She wanted prayers in my mother’s living room, a candle by the front window, family packed shoulder to shoulder, and somebody in the kitchen making too much noise because quiet made death feel even bigger.

So that was what we gave her.

At least, that was what we tried to give her.

Rebecca lay in the coffin near the front windows.

Her hair was pinned back too neatly.

Her hands were folded over one another in a way she never rested them in life.

And she was wearing a burgundy dress I had never seen before.

That dress bothered me from the moment I walked in.

My sister hated tight clothes.

She wore soft pants, white sneakers, and the same canvas bag she filled with snacks, receipts, spare keys, markers, and a tiny sewing kit.

But Omar told everyone the burgundy dress was her favorite.

He said it with his hand on the side of his neck.

That was how I knew he was lying.

Omar had always been good at sounding reasonable in rooms full of people who did not want trouble.

He could lower his voice, soften his eyes, and make even a demand sound like concern.
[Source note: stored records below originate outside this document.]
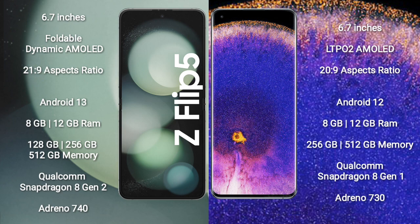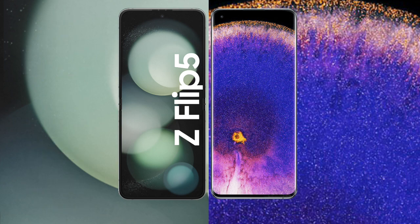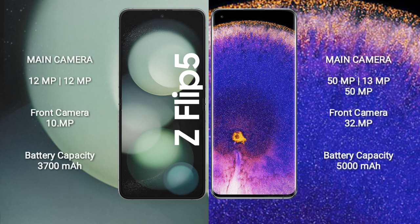Oppo Find X5 Pro comes with 8GB or 12GB RAM and 256GB or 512GB internal storage. It features a Qualcomm Snapdragon 8 Gen 1 processor and Adreno 730 GPU.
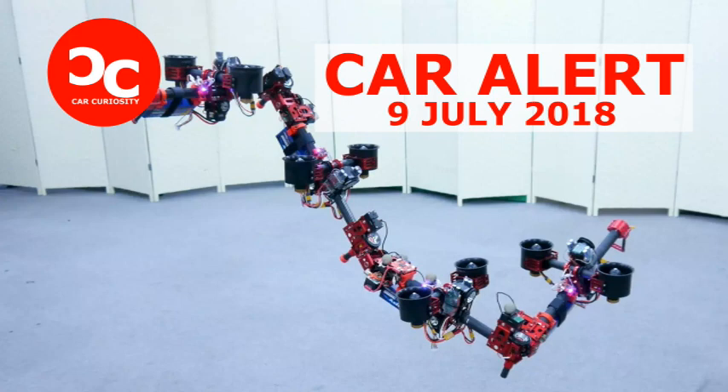Researchers at the University of Tokyo's JSK Lab have developed a modular, transforming drone called DRAGON, which stands for Dual Rotor Embedded Multilink Robot with the Ability of Multi-Degree-of-Freedom Aerial Transformation. While the corresponding acronym is quite the reach, DRAGON's ability to elongate itself to form a square or snake through dense environments while the ducted fans keep it afloat is quite impressive.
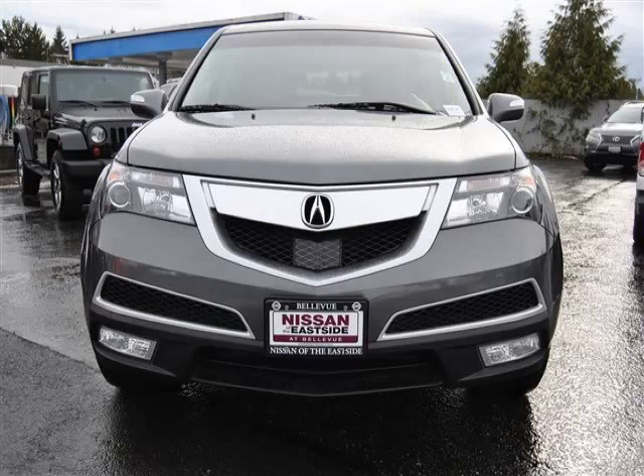Third-row seat, rear AC, sunroof, privacy glass, and power mirrors.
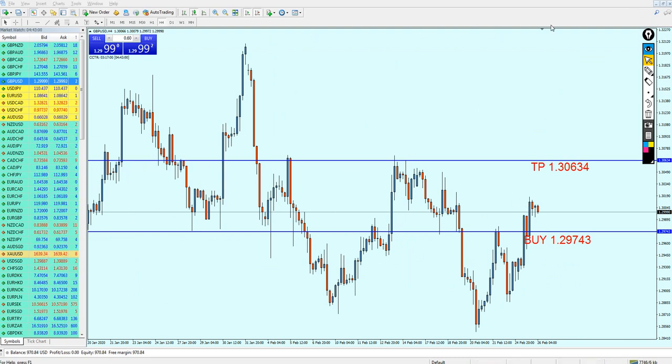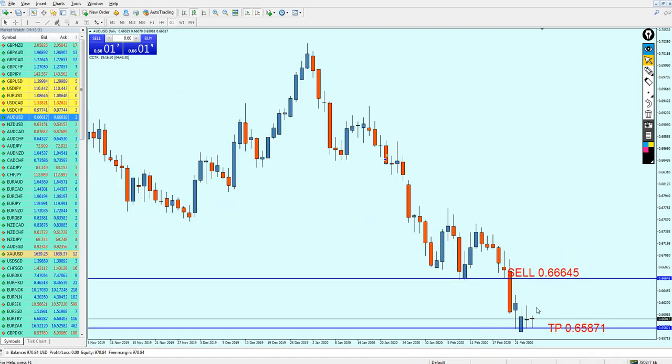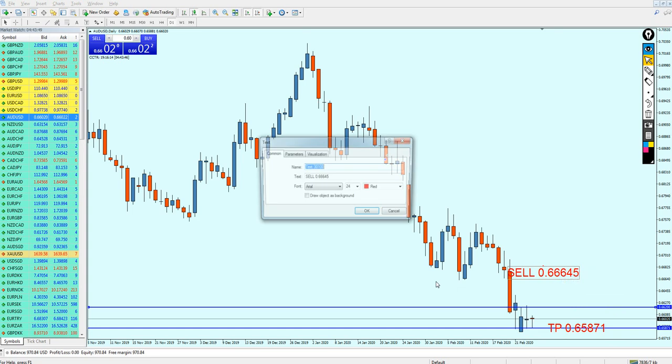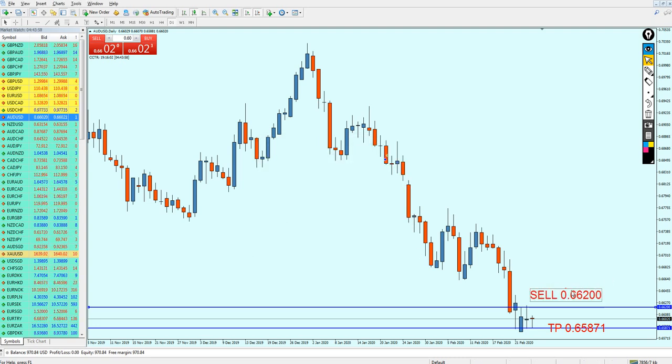Let's check the AUDUSD. It has been ranging on this support level for a really long time. The signal for the short of the AUDUSD was given right on the previous support level; however, I really don't see that the AUDUSD is able to reach that support level at this point — it's just been ranging all week. Looking at the daily candle, we're seeing consolidation mode. The signal for shorting the AUDUSD will be adjusted — I'm going to change it to short the AUDUSD at 0.66620.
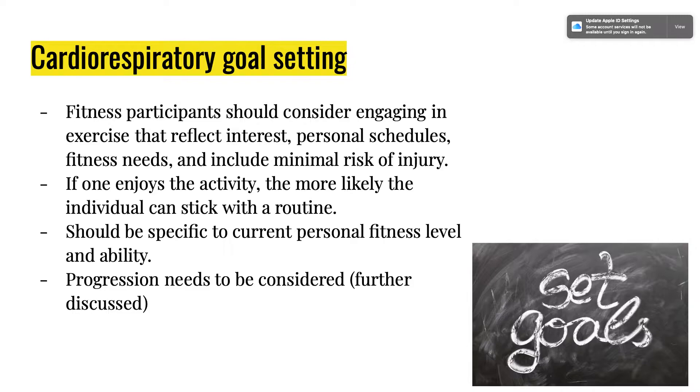For cardiorespiratory goal setting, fitness participants should consider engaging in exercise that reflects their interests. If you prefer biking, bike. If you don't enjoy running, try HIIT training or interval training on the elliptical or bike. It should be personalized to your schedule and fitness needs. If you're a morning person, schedule it in the morning; if afternoon, schedule it then — but be consistent and try to make it the same time every day so it becomes a habit.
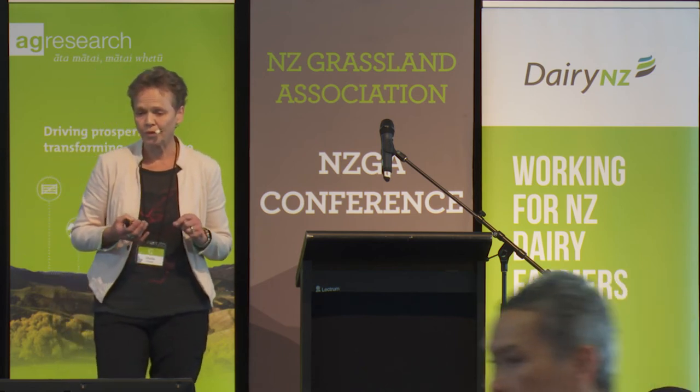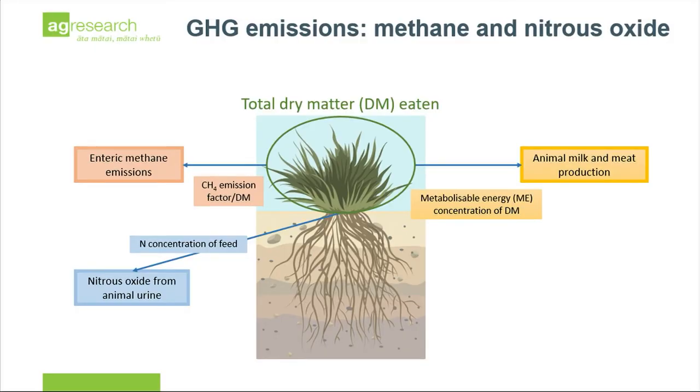The other side of the equation is that pasture eaten is also what we're trying to achieve to increase productivity and animal production — driven by the amide or energy content of that pasture. So there is potentially a tension there, which I'll come back to in a moment.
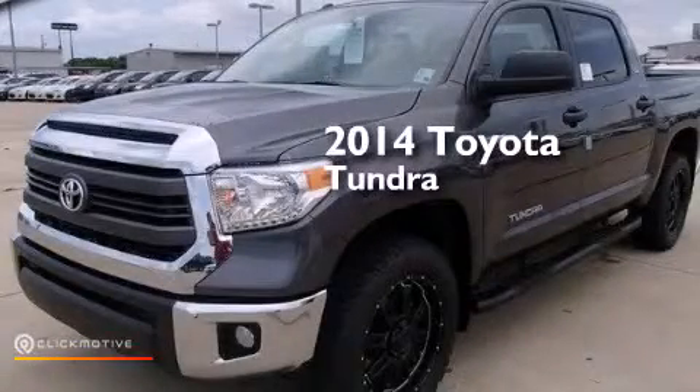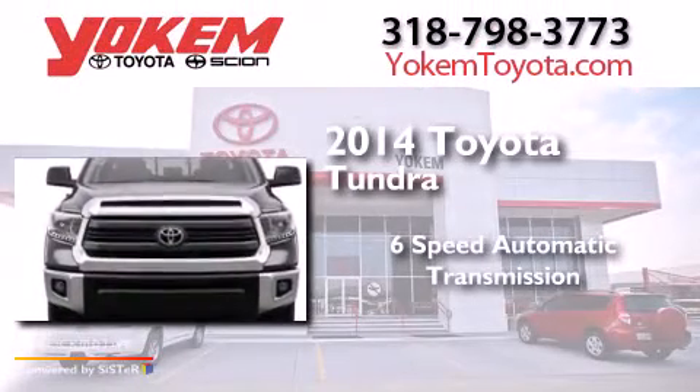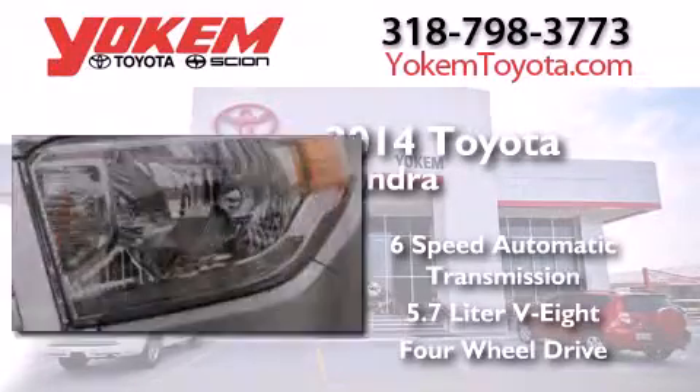This is a brand new 2014 Toyota Tundra. This truck has a six-speed automatic transmission, a 5.7-liter V8, and the added capability of four-wheel drive.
But when he lied, his fingers found his throat.

They found it when he said Rebecca had fallen down the stairs.

They found it when he said the hospital had no questions.

They found it when he told my mother the burial needed to happen early because it would be easier on Emiliano.

And they found it again when he looked at the coffin and asked, “How soon can we close it?”

The words moved through the room like a draft.

No one answered.

Not my mother.

Not Aunt Clara.

Not the neighbors pretending to pray harder.

Only Emiliano reacted.

My nephew sat on a kitchen chair pulled so close to the coffin that his knees touched the wood stand.

He had been there since the body arrived.

Eight years old, in a navy sweater, clutching a worn green stuffed dinosaur under one arm, staring at his mother’s face without blinking.

He was not hysterical.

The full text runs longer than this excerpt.